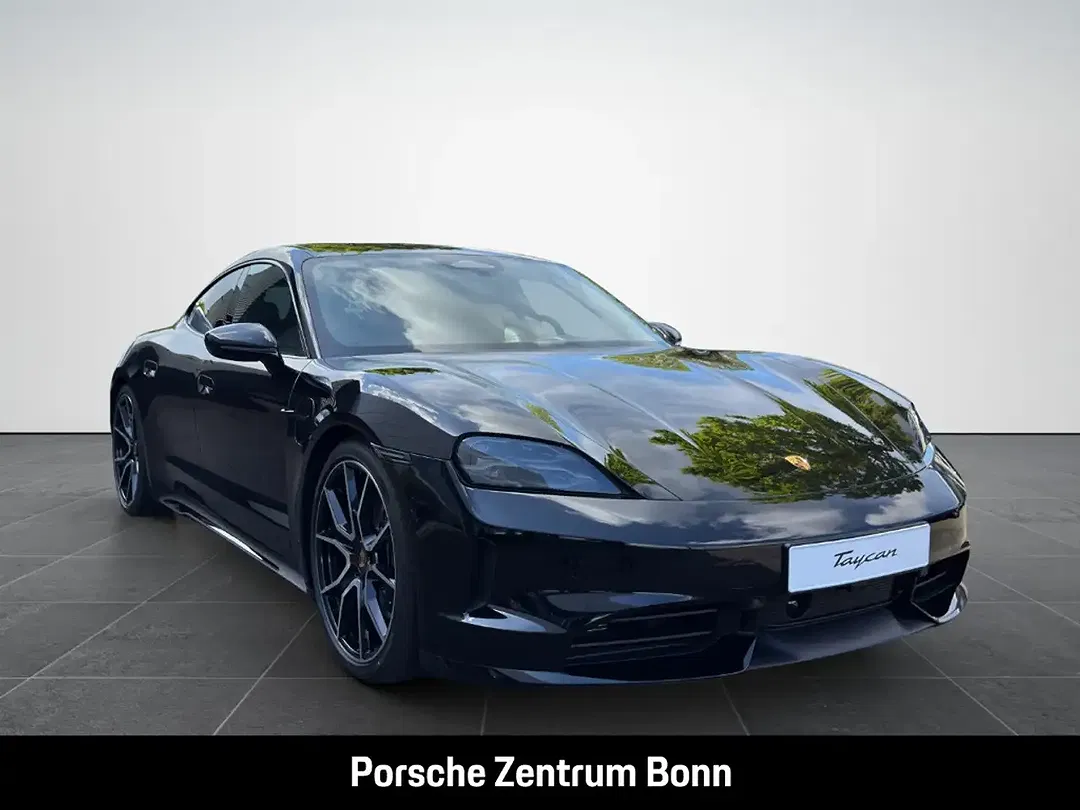 Porsche Taycan - Thumbnail 3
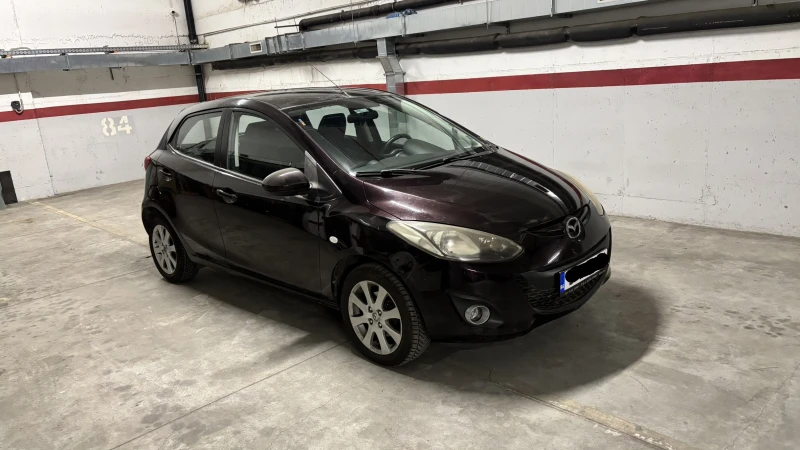 Mazda 2, снимка 2 - Автомобили и джипове - 53142551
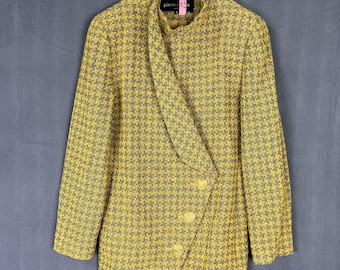 Pierre Cardin Houndstooth Wool Jacket Made in Japan Ladies Blazer Metal Gold Button Yellow Checkered Coat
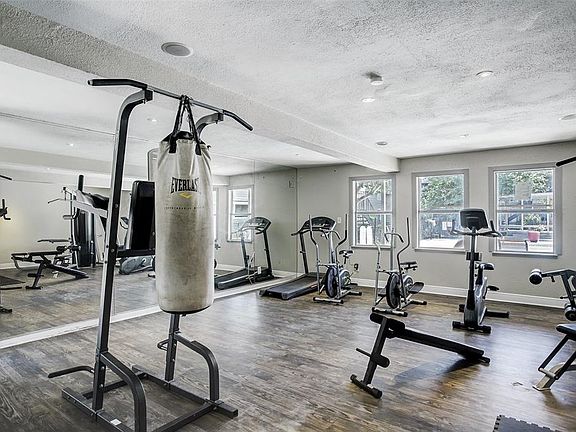 4th image of 6220 Fairdale Ln #40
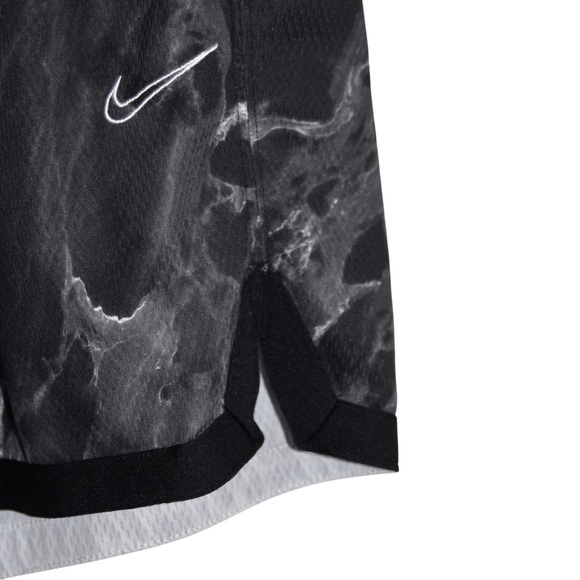 NIKE BASKETBALL SHORTS - Picture 3 of 4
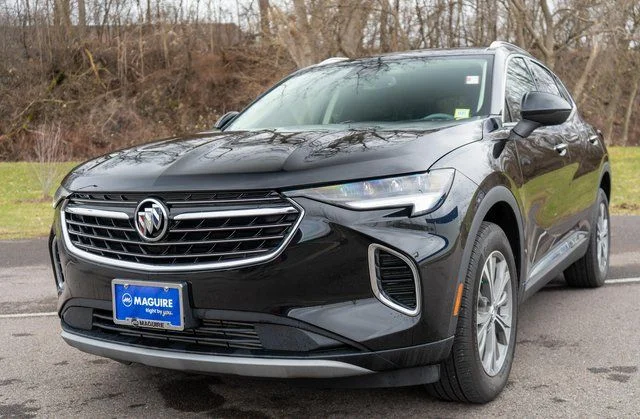 Used 2023 Black Buick Preferred image 2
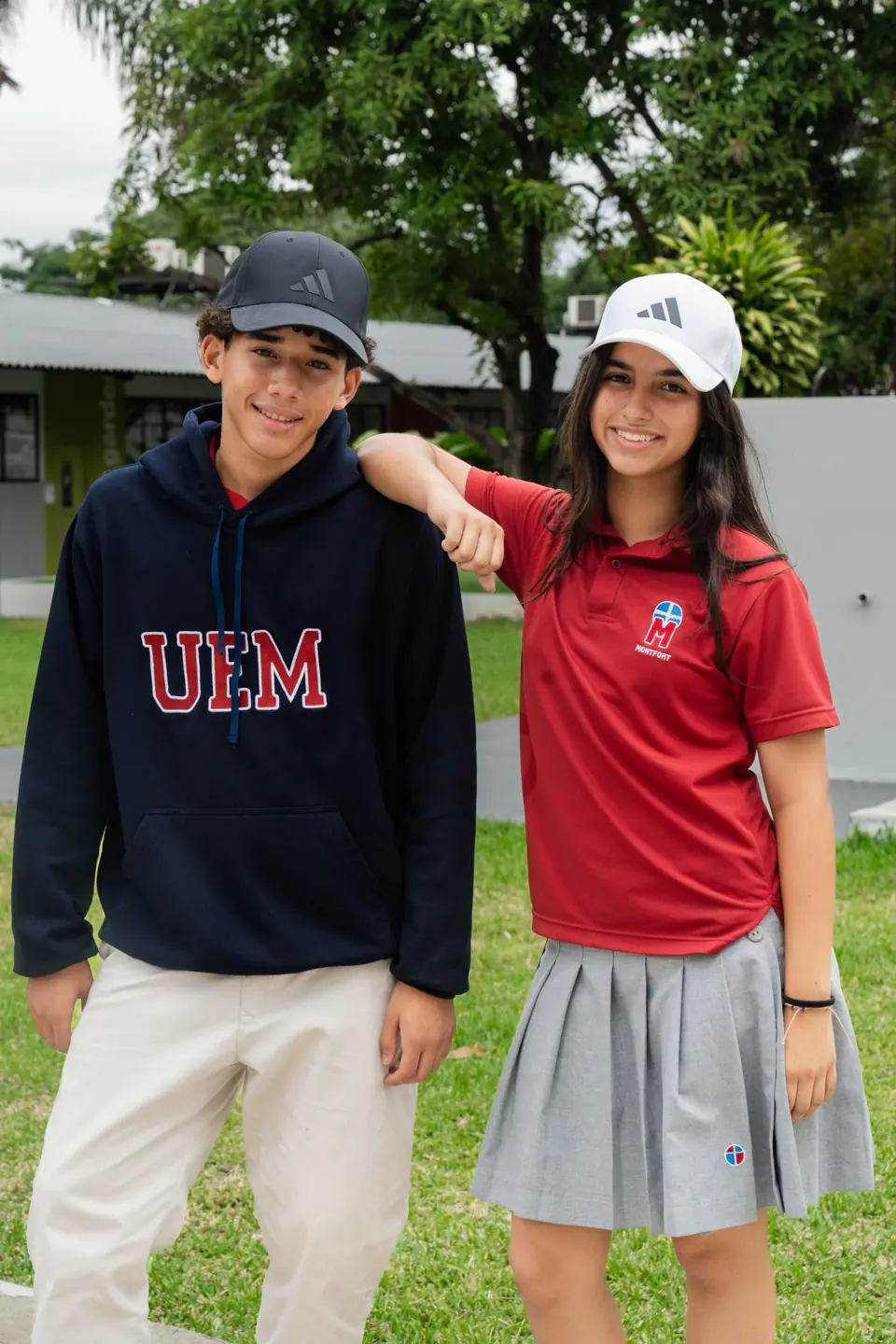 Estudiantes de secundaria Montfort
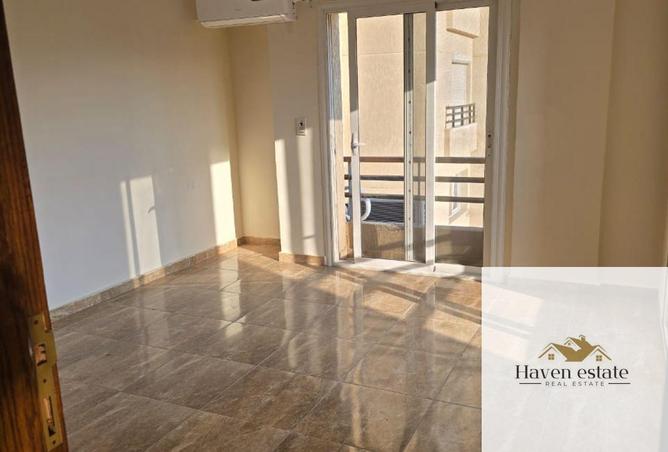 8400605 - Property Image 3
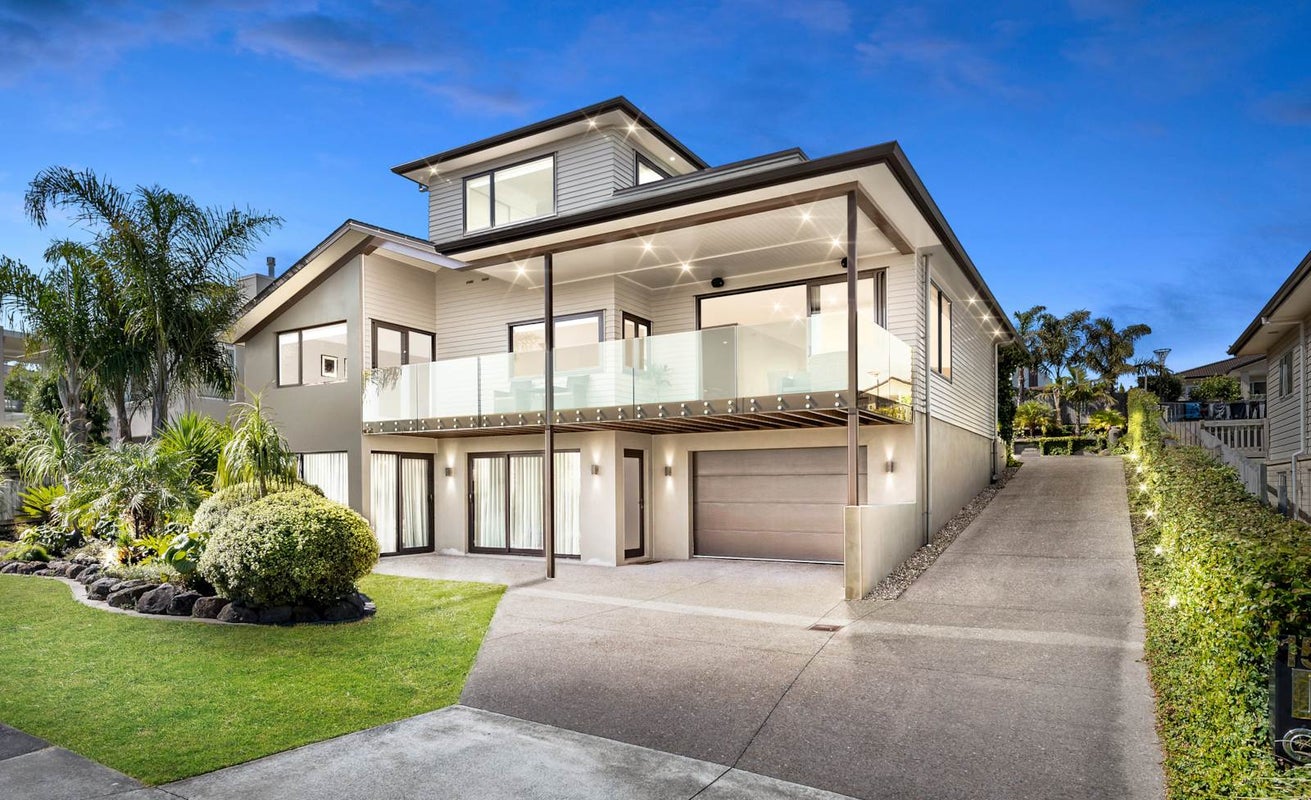 15 Liberty Crescent, Beachlands, Auckland - Carousel 1
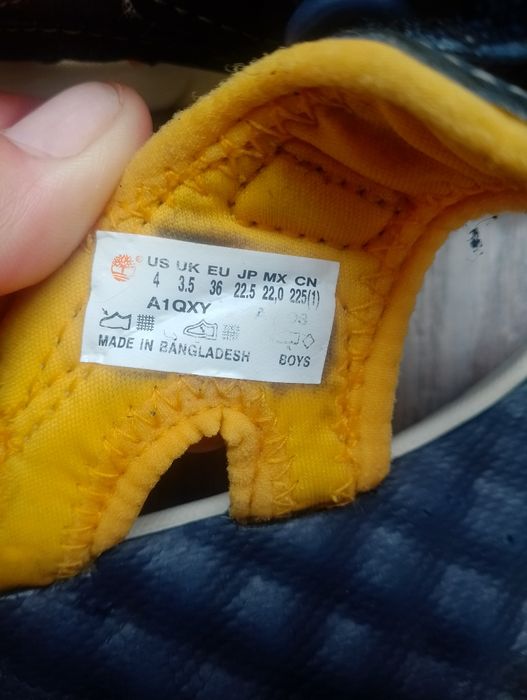 Босоніжки Timberland,в гарному стані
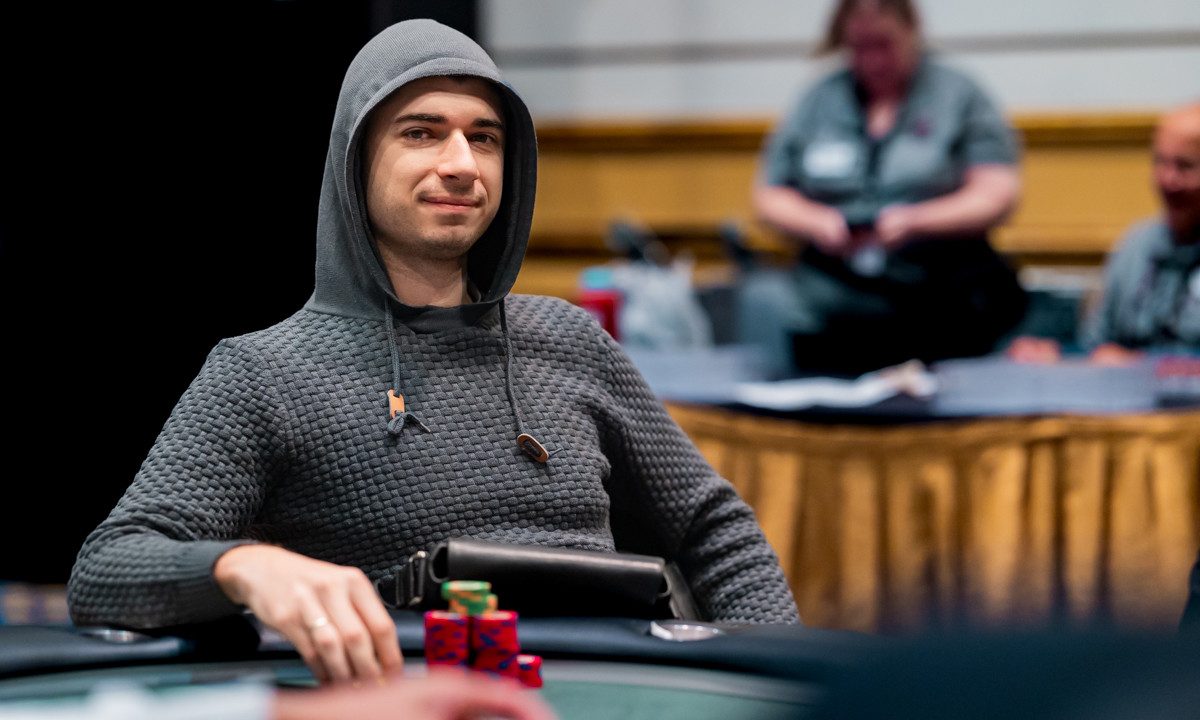 Aleks Dimitrov triumfuje w Thursday Thrill, pokonując Niklasa Astedta w PokerStars Anniversary Series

# # #

#### Task statement
Write the lines from the one with "8400605 - Property Image 3" through the last line of the entries out again exactly, both ends included, and skip the pictures.

#### Written response
 8400605 - Property Image 3
 15 Liberty Crescent, Beachlands, Auckland - Carousel 1
 Босоніжки Timberland,в гарному стані
 Aleks Dimitrov triumfuje w Thursday Thrill, pokonując Niklasa Astedta w PokerStars Anniversary Series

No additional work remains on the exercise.